The Booth At The End


The Booth At The End es la serie que tendría que hacer más ruido esta temporada. Creada por Christopher Kubasik, dirigida por Jessica Landaw y protagonizada por Xander Berkeley, la componen (hasta ahora) dos temporadas de 5 capítulos cada una que no duran más de 25 min. Su proyección es modesta: se puede ver por varios canales web (en España, de momento, solo Fox) y únicamente ha sido emitida por la televisión canadiense, pero su inédito juego psicológico, espiritual y conspiratorio debería convertirla casi en viral, os explicamos por qué (sin spoilers).

Un hombre (Xander Berkeley), sentado en el reservado de una cafetería recibe a personas que tienen un deseo. Éste se puede cumplir a cambio de la realización de una tarea. Ésta, asignada por un misterioso libro, puede variar en función del deseo y, la única condición que conlleva este trato es que el interesado vuelva para contar los detalles sobre cómo va el cumplimiento de dicha tarea.

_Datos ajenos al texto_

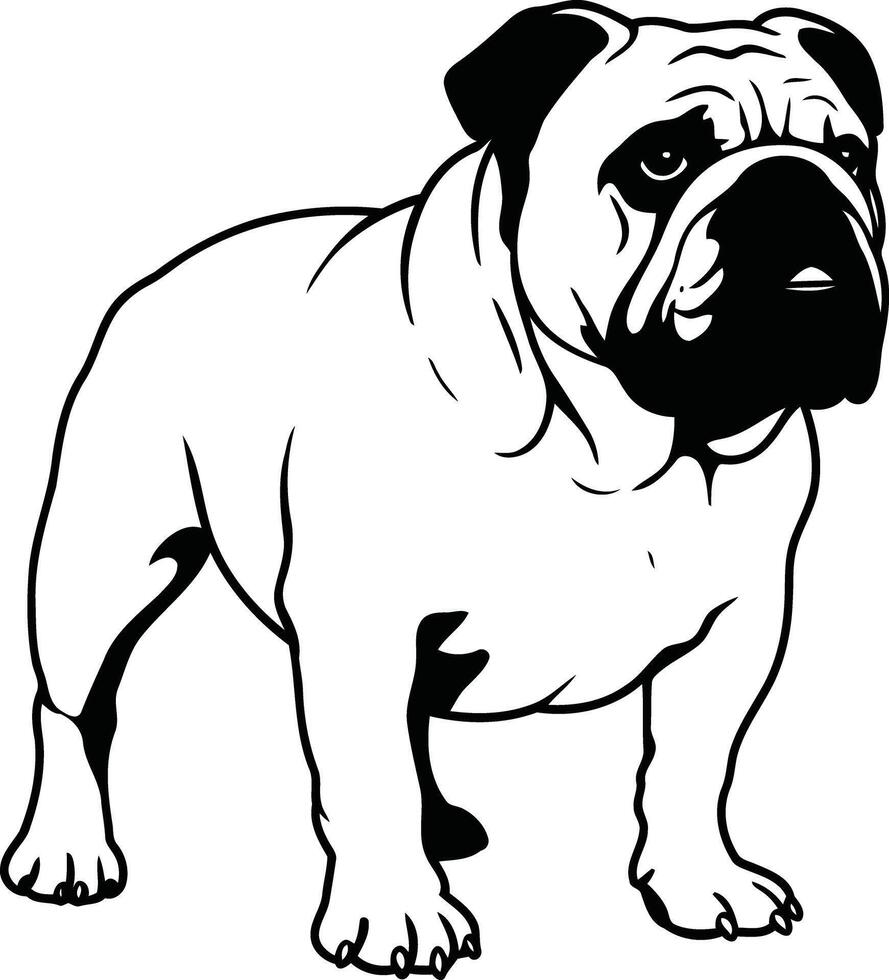 A black and white drawing of a bulldog vector
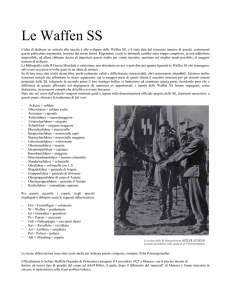 Le Waffen SS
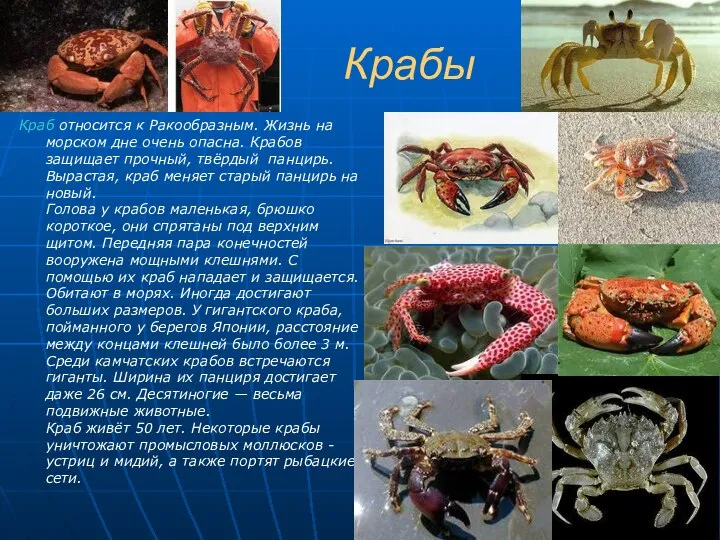 Крабы Краб относится к Ракообразным. Жизнь на морском дне очень опасна.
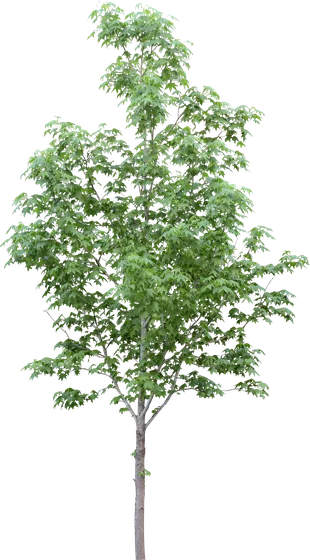 Nussbaum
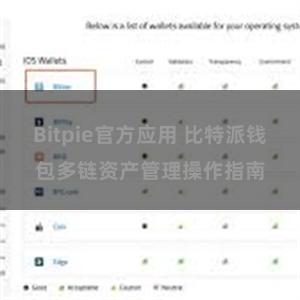 Bitpie官方应用 比特派钱包多链资产管理操作指南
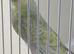 Baby budgie ring number 31 2026 rung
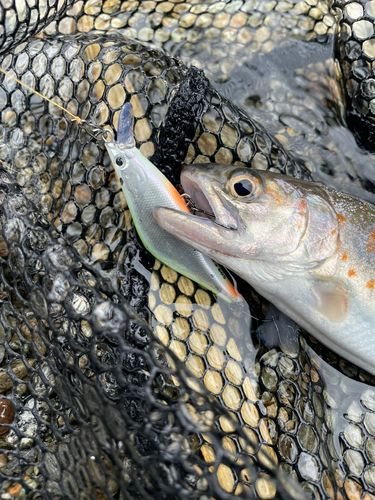 アマゴの釣果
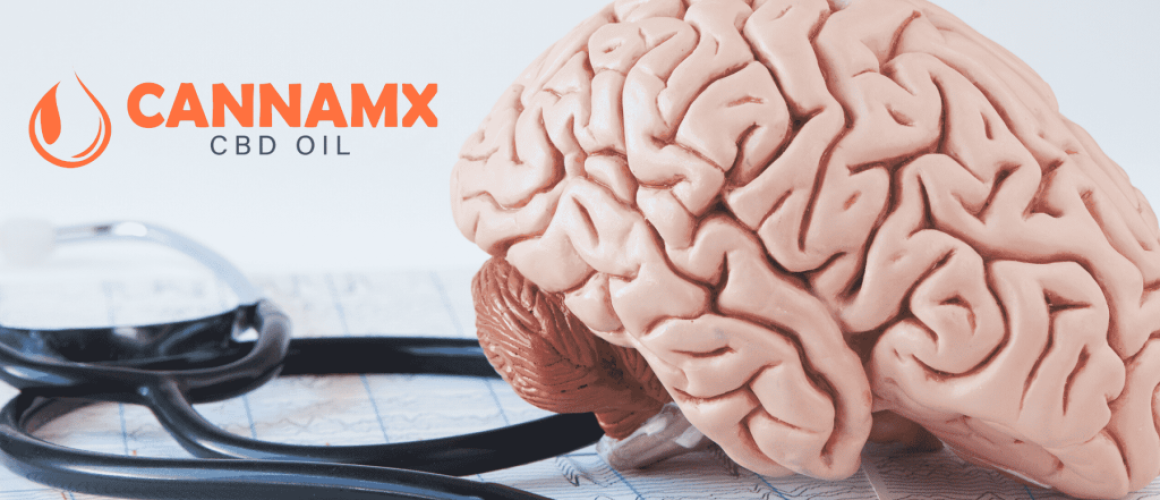 cannamx6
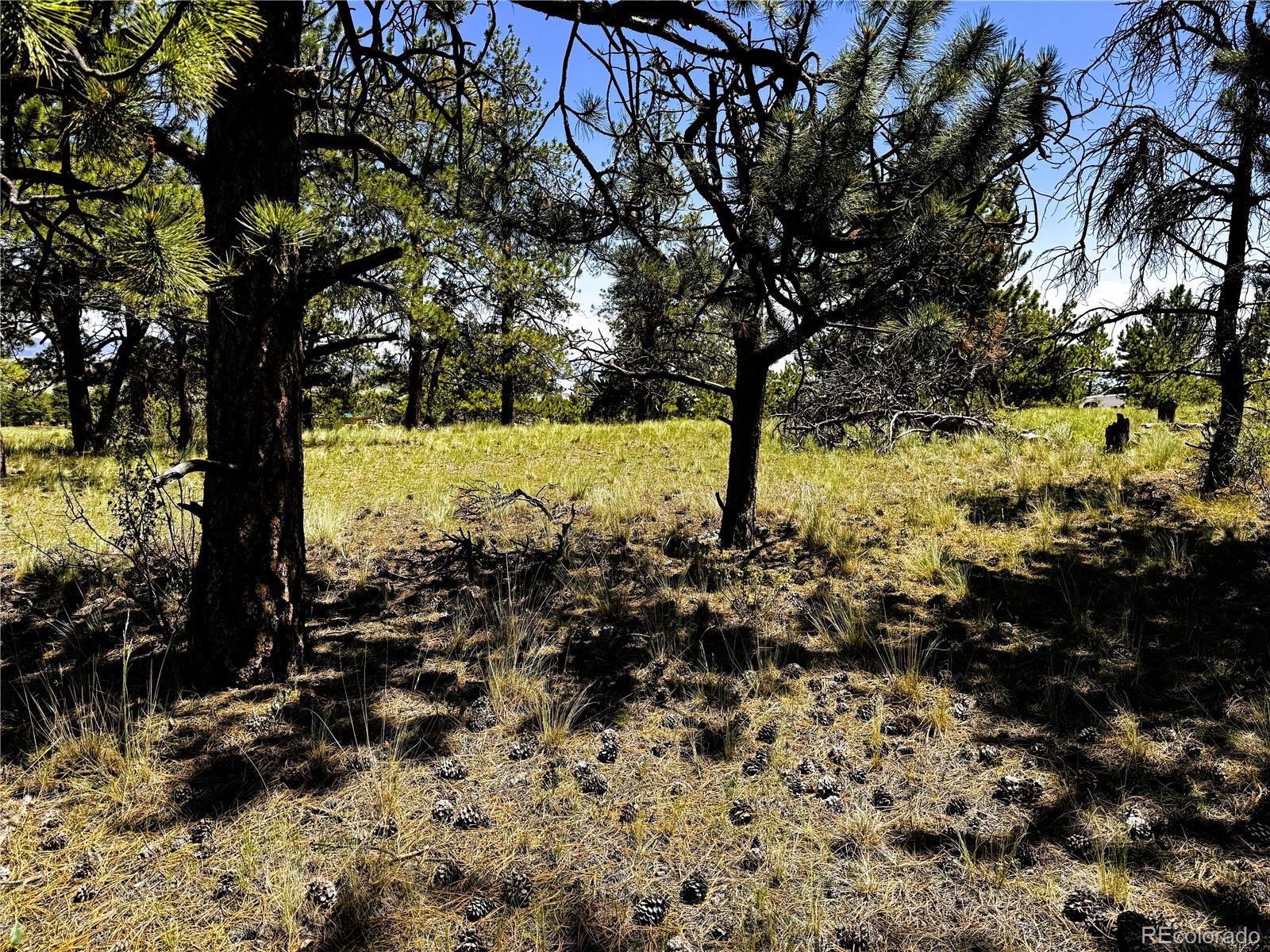 127 Boulder Road Hartsel, CO 80449 - Photo 29 of 34 Gallery Image 29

¿Hasta dónde estarías dispuesto a llegar con tal de conseguir lo que quieres? Es la pregunta que plantea la serie al espectador. Mediante una muy simple puesta en escena (es increíble ver cómo las subtramas se construyen única y exclusivamente con el diálogo), se sumerge al público en una compleja reflexión sobre la toma de decisiones y el cómo se realiza ésta. En cada escena, más allá de las preguntas estrictamente ligadas a la trama -que le mantienen a uno completamente enganchado- las cuestiones se centran en aspectos ligados a la naturaleza humana que se desvelan a medida que el misterioso protagonista insiste en conocer los detalles en un inaudito intento por entender los motivos de determinados comportamientos. Y es mediante el diálogo como el camino se descubre mucho más rico e interesante que la meta.

Lo de quién es El Hombre, qué hace y cómo, es otra cuestión: un dios, el diablo, magia, el destino, un agente de la CIA… Para alimentar el debate aparece Doris (Jenni Blong), la camarera del bar que parece no tener deseo alguno e introduce una dinámica diferente: facilita que poco a poco descubramos algo más sobre nuestro protagonista, un tipo que se asombra ante los pormenores cotidianos del resto de mortales, pero ni se inmuta al ordenar un robo, un asesinato o un atentado.

Con un concepto, estructura y estética muy características, no podemos negar que la serie se mueve, en ocasiones, entre In Treatment y Twin Peaks, y nos pone cada vez, mediante escenas de muy pocos minutos, ante lo que parecen pequeños homenajes al dilema de Heinz. Solo esperamos, que una vez que la veáis, nos ayudéis a despejar dudas o a plantear más preguntas.